Events
Bill Sweeney Discusses Democracy Challenges June 26, 2012 / Berlin, Germany

On June 19, 2012, GMF’s Berlin office held a luncheon discussion with Bill Sweeney, President of the International Foundation for Electoral Systems (IFES). The discussion was moderated by Jörg Forbrig, GMF’s Senior Program Officer for Central and Eastern Europe, and included representatives from the Federal Foreign Office, Human Rights Watch, the German Council on Foreign Relations, and foreign policy advisors to the Bundestag.
Today’s democracy movements, election monitoring, and democratization agencies that assist them face challenges very different from those of earlier movements, such as in Eastern Europe during the 1990s. Bill Sweeney opened the conversation by focusing on two defining features of these challenges: generational change and technological innovation. The generational challenge expresses itself, first, within democracy assisting agencies, as older, less tech-savvy members of the early election monitoring movement are replaced by their younger counterparts and second, in the democracy movements themselves. Prominent leaders are not as visible in current democratization struggles and those involved in the movement, for instance in MENA countries, have never experienced democracy first-hand.

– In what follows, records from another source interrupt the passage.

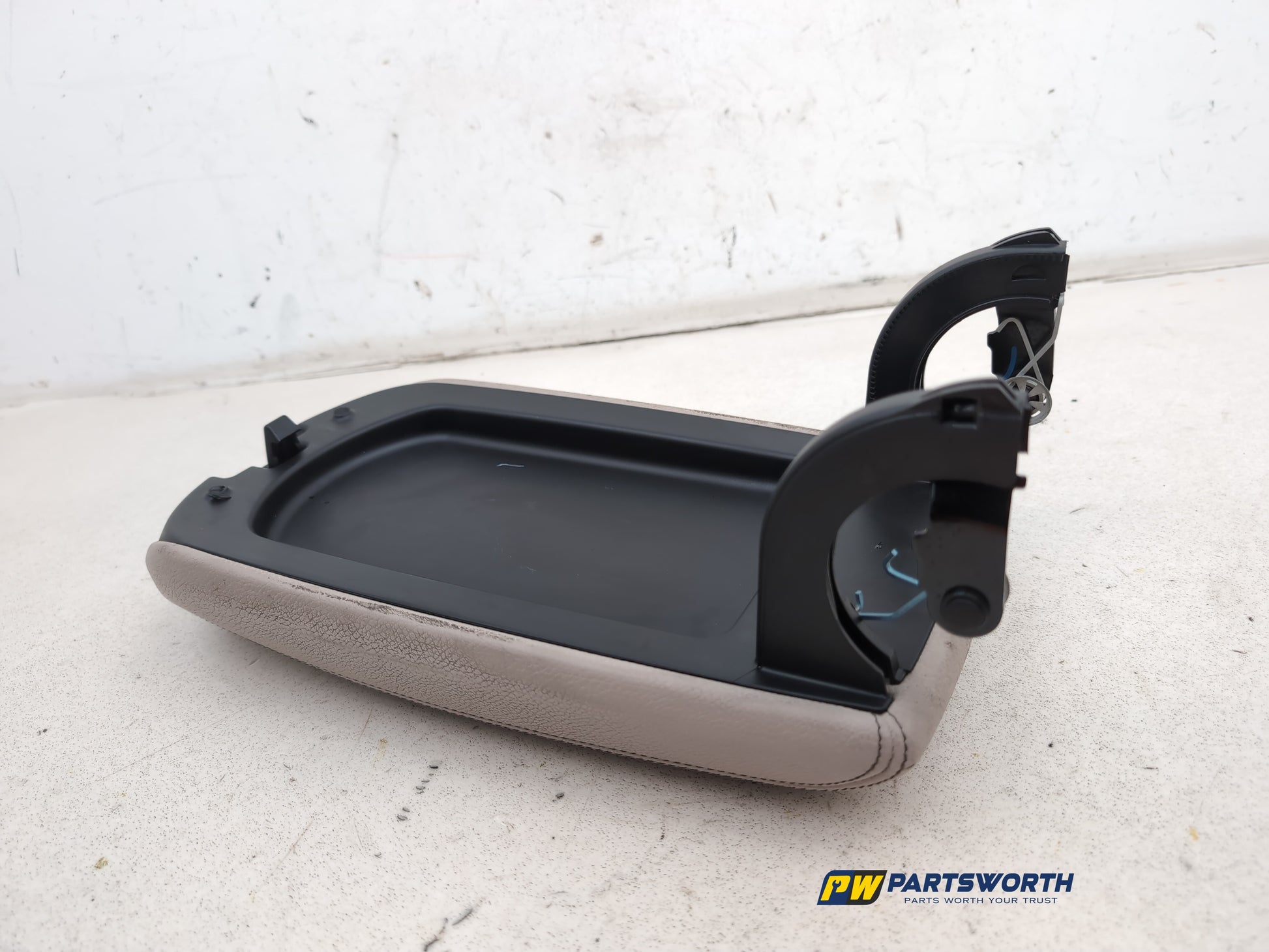 Centre Console Armrest 6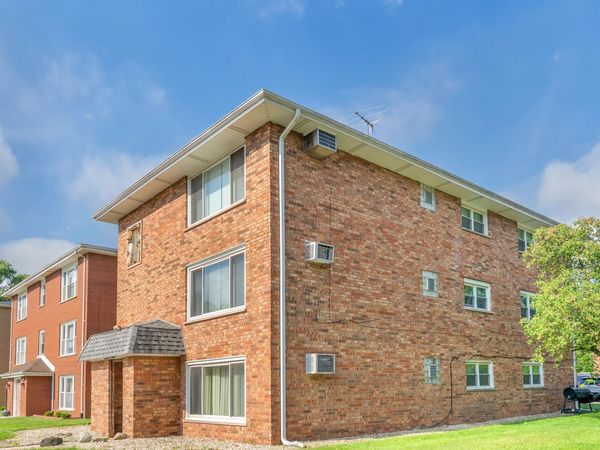 7100 Idaho Avenue , Hammond, IN 46323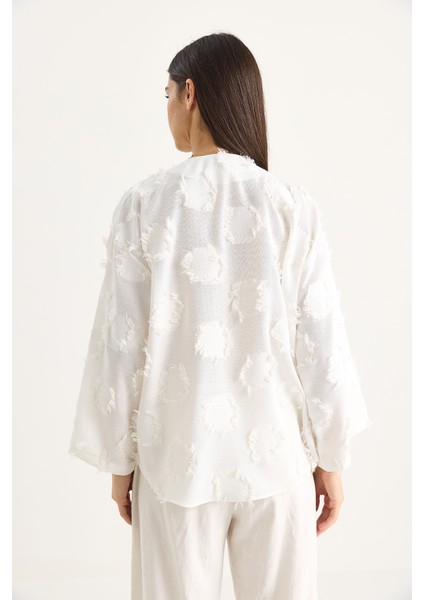 Kadın Önü Bağlamalı Kendinden Nakışlı Püsküllü Salaş Kimono -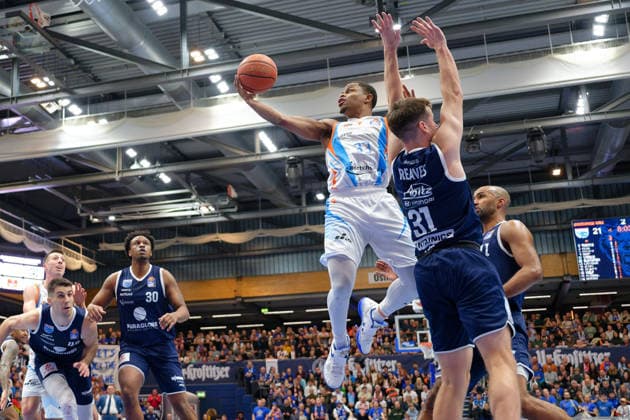 Eric Washington (Jena, 33), Spencer Reaves (MBC, 31), Syntainics MBC vs. Science City Jena, Basketball, 1. Bundesliga, Maenner, Saison 2025 26, 14. Spieltag, 03.01.2026. Weissenfels Stadthalle Sachsen-Anhalt Deutschland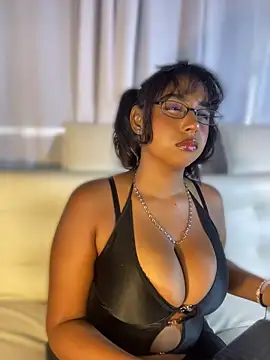 SamaraDesire online show from April 8, 2026, 8:21 pm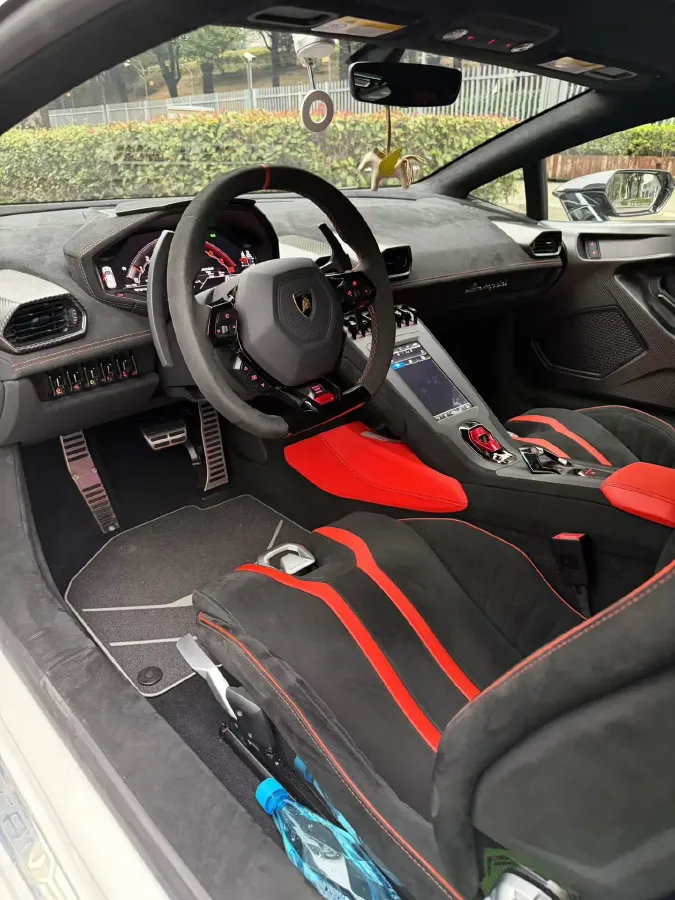 2021 Lamborghini Huracán 5.2L 640HP V10 7DCT,autocango,china used car exporter,china ev exporter,chinese used car exporter,chinese used ev exporter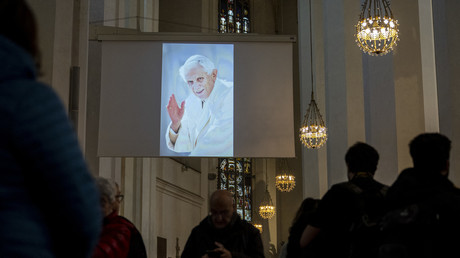 Une photo de l'ancien pape émérite Benoît XVI dans la cathédrale Notre-Dame de Munich en Allemagne, le 31 décembre 2022.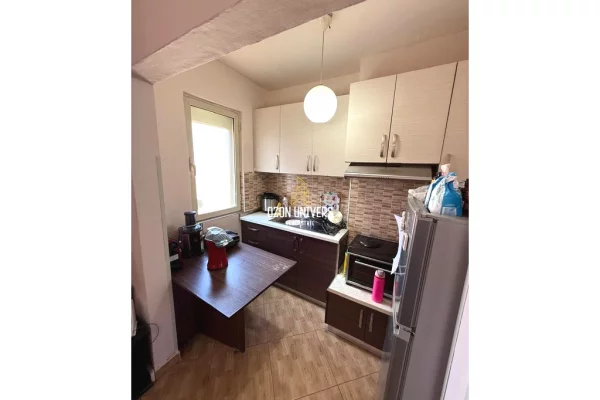 Appartamento in vendita a Tirana 1+1, Arredato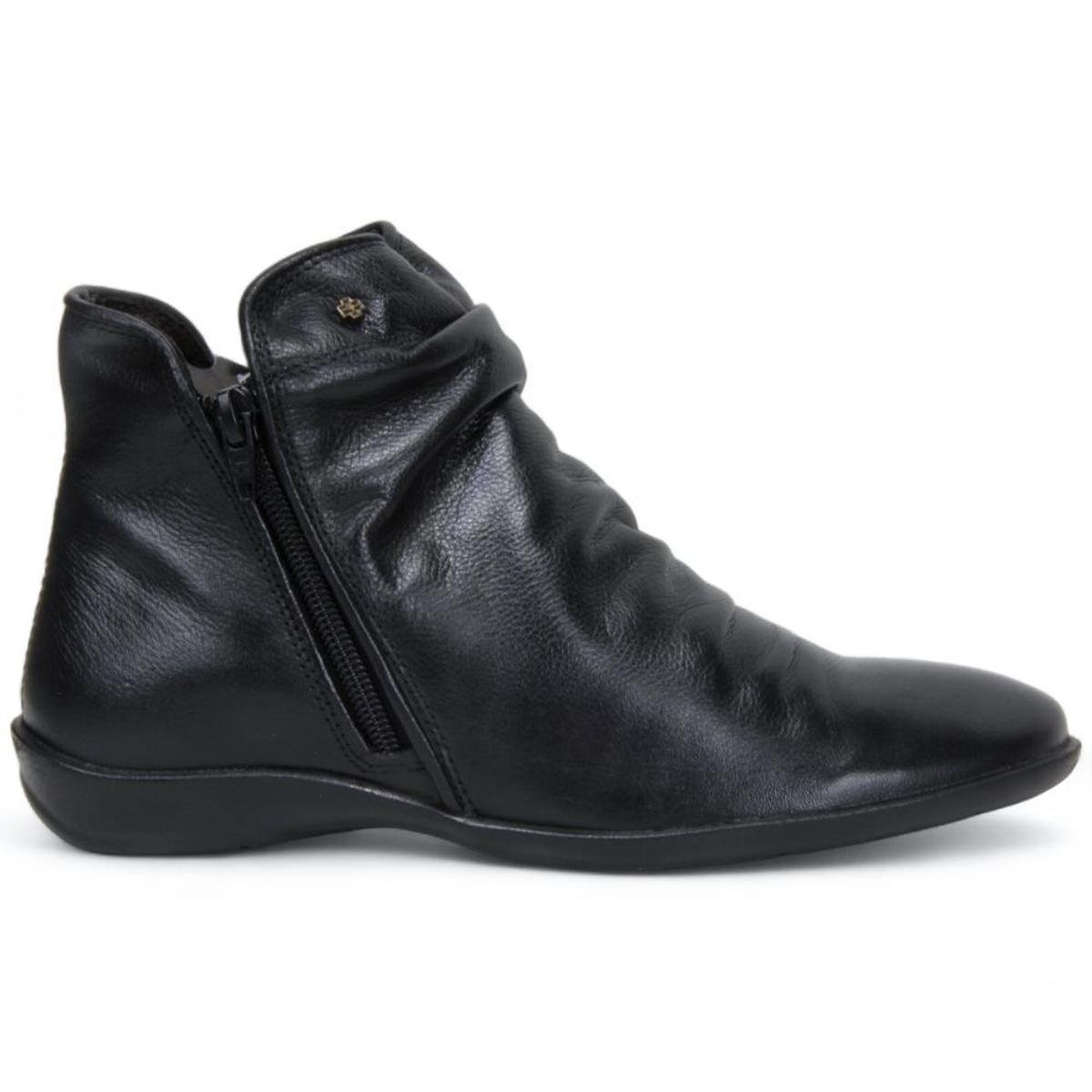 Bota Cano Baixo Rasteira Perlatto ANG820 - Couro Menor preço em Bota Cano Baixo Rasteira Perlatto ANG820 - Couro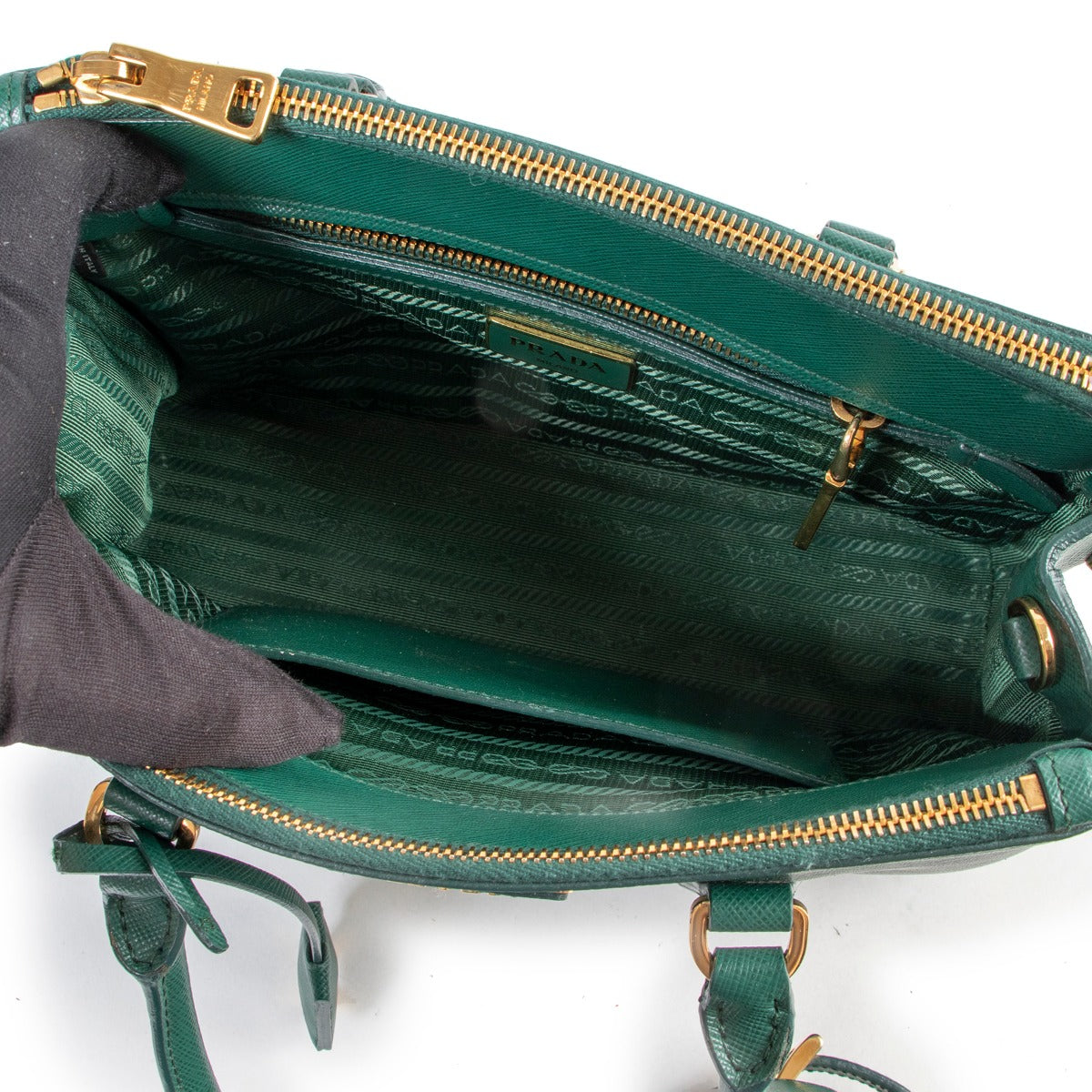 shop safe online secondhand Prada Small Green Galleria Tote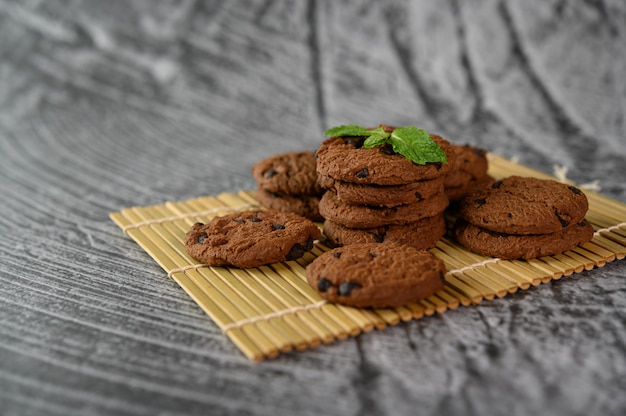 Een stapel koekjes op een houten paneel op een houten lijst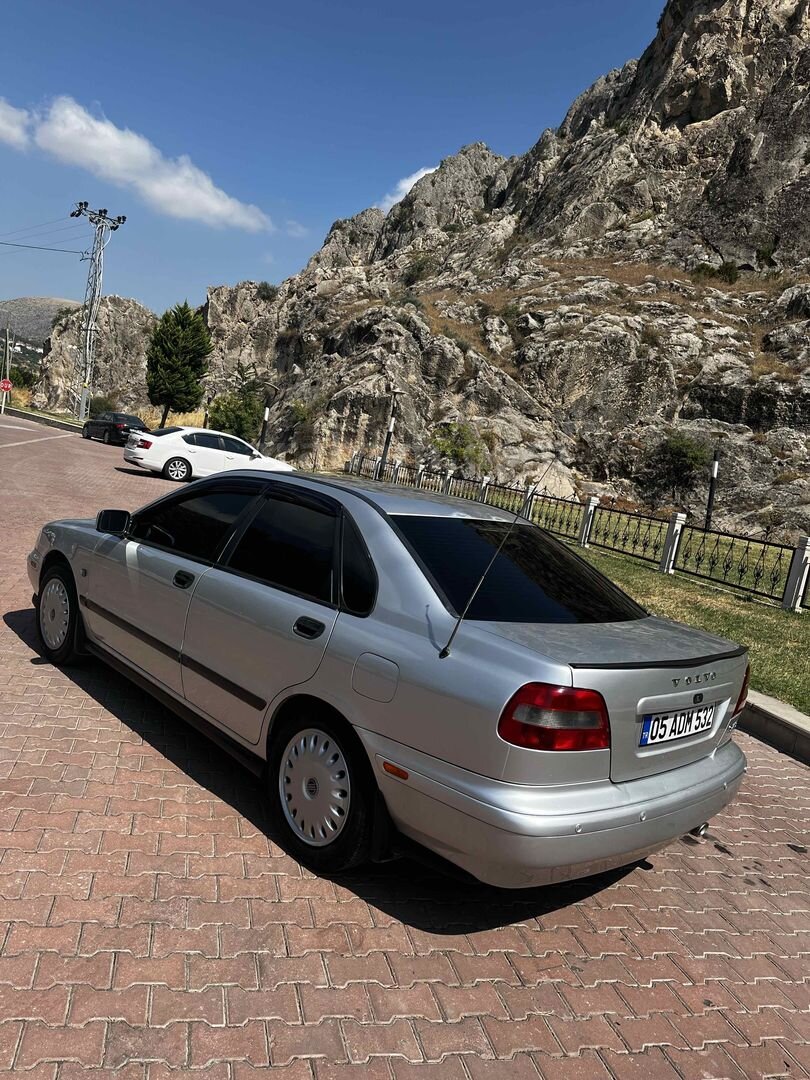 Sahibinden Volvo S40 1.6 2000 Model Amasya 357.000 km Gri (metalik) 4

Technology, in turn, is fundamentally transforming the way in which democratization occurs on the ground. Web 2.0 technologies, SMS systems and cell phones can turn ordinary citizens into election monitors, as was the case in Nigeria, and in some cases, can even contribute to ease violent tensions by allowing for immediate transfer of voting results, creating greater transparency and diminishing vote theft. The later discussion focused on these benefits, including the ability to mobilize people more quickly, but also on the concerns for how technology can also be abused by populists groups or used by governments to suppress democratic initiatives.
As for concrete issues facing current efforts for promoting democracy, Sweeney emphasized the risk for violent conflict and civil war present in many states where democratization movements are occurring such as in the Democratic Republic of Congo. He also discussed economic factors that will greatly determine the future course of the way democracy develops in places like Egypt, where the drawn out and multiple election process may hinder foreign investment and pose the risk not only of persistent high youth unemployment, but also of state bankruptcy.
The West today, for its part, is greatly constrained in its ability to effectively support budding democracies. On the one hand, it is no longer the role model it once was; on the other hand, budgetary cuts in development agencies that allocate most of their resources to issues of food security, health issues or natural disaster relief, leave less means for concrete democratization or election monitoring efforts. These constraints come at a time when demand for democracy building assistance in the world is skyrocketing.
The discussion concluded on an optimistic note, centering on the fact that the extensive and institutionalized experience of many election commissions can still contribute greatly to the process of democracy establishment by opening up “new frontiers” of assisting the disabled and elderly in being able to vote and in introducing gender appropriate rules and processes in voting stations, as countries gain their first experiences with democratic voting procedures.